TASK TO COMPLETE —
Restate, exactly as written, the entries below from the line that holds "Womens Wool Sweater" through the line that holds "Ligeris house 1". Pictures are not part of the copy.

INFORMATION SUPPLIED —
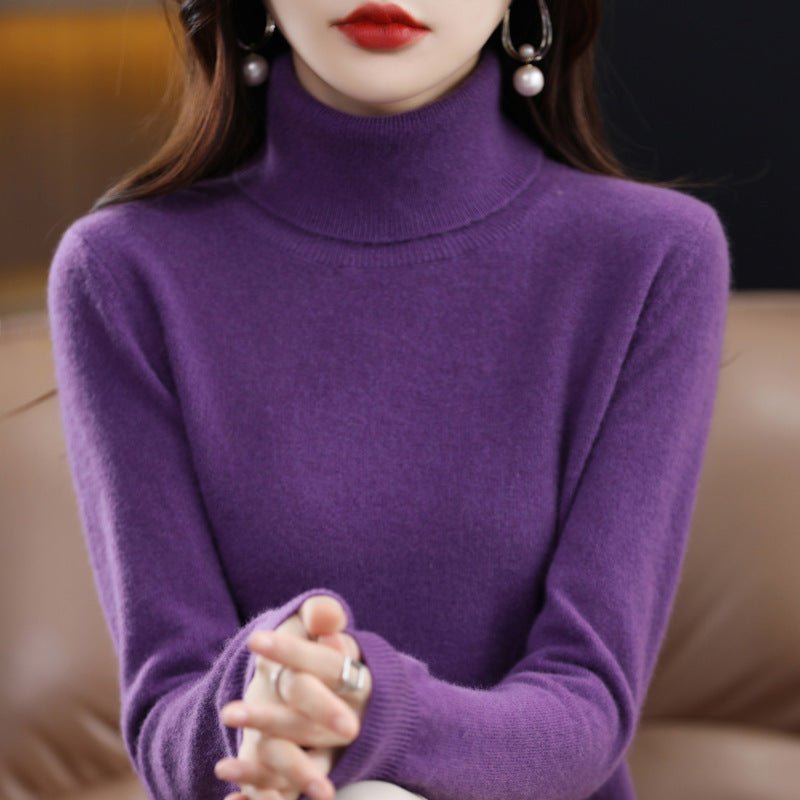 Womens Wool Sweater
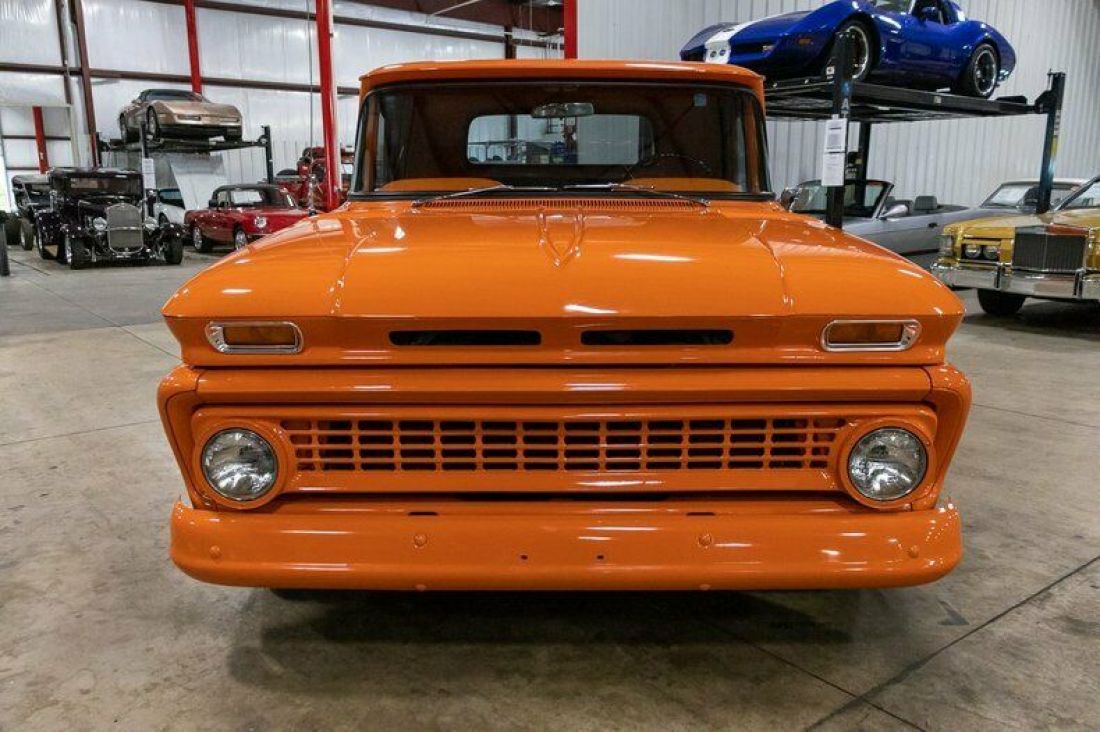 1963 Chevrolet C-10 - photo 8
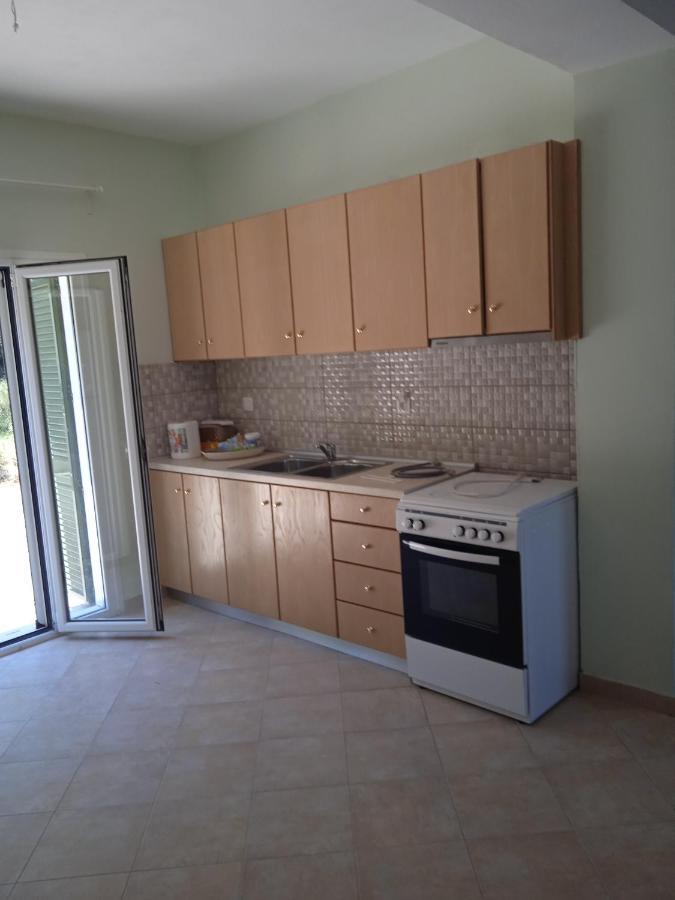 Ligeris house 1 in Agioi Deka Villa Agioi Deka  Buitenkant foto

==

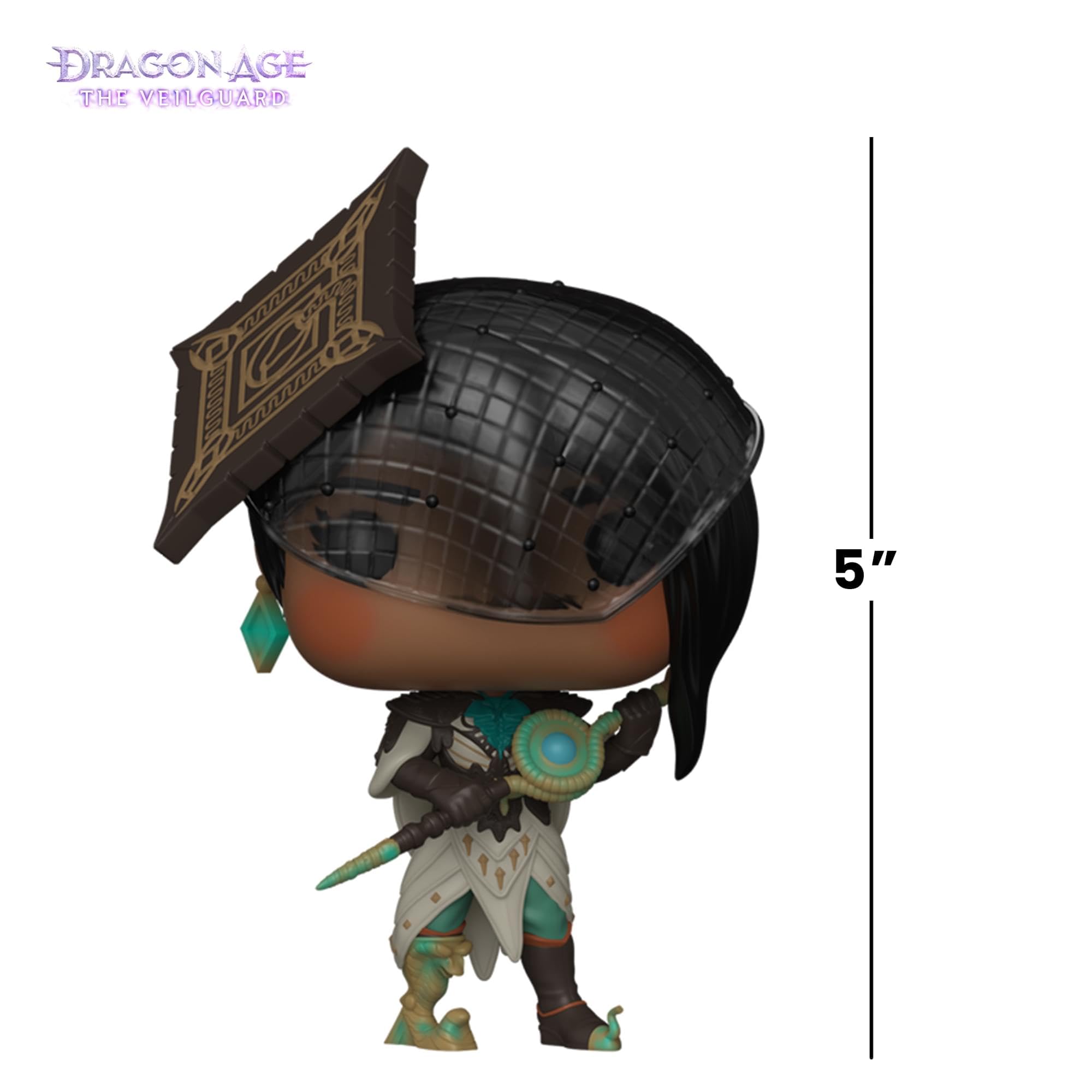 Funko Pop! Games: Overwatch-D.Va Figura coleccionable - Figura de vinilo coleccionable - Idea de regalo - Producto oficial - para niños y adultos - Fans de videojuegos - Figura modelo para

==

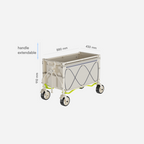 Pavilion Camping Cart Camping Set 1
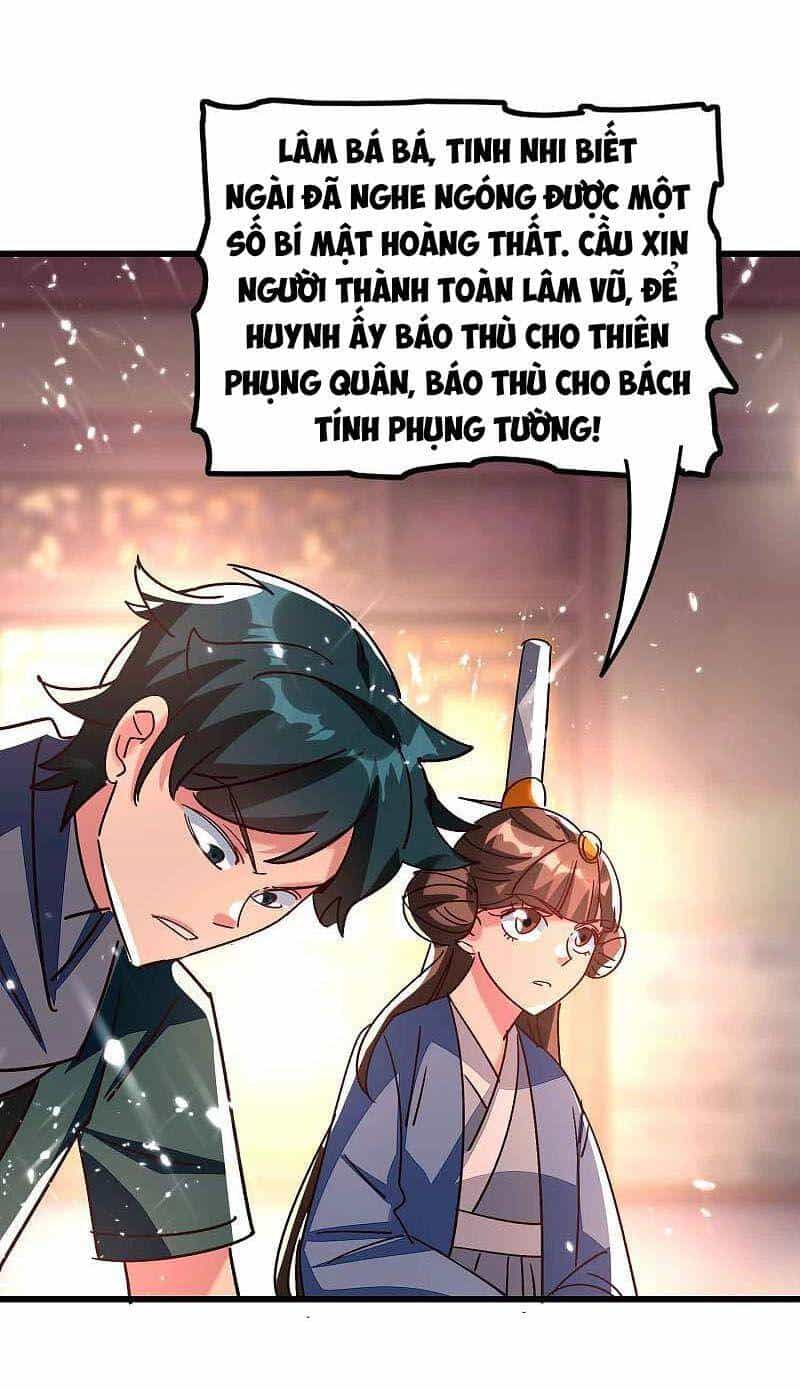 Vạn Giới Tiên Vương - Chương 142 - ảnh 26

RESPONSE TO THE TASK —
 Womens Wool Sweater
 1963 Chevrolet C-10 - photo 8
 Ligeris house 1 in Agioi Deka Villa Agioi Deka  Buitenkant foto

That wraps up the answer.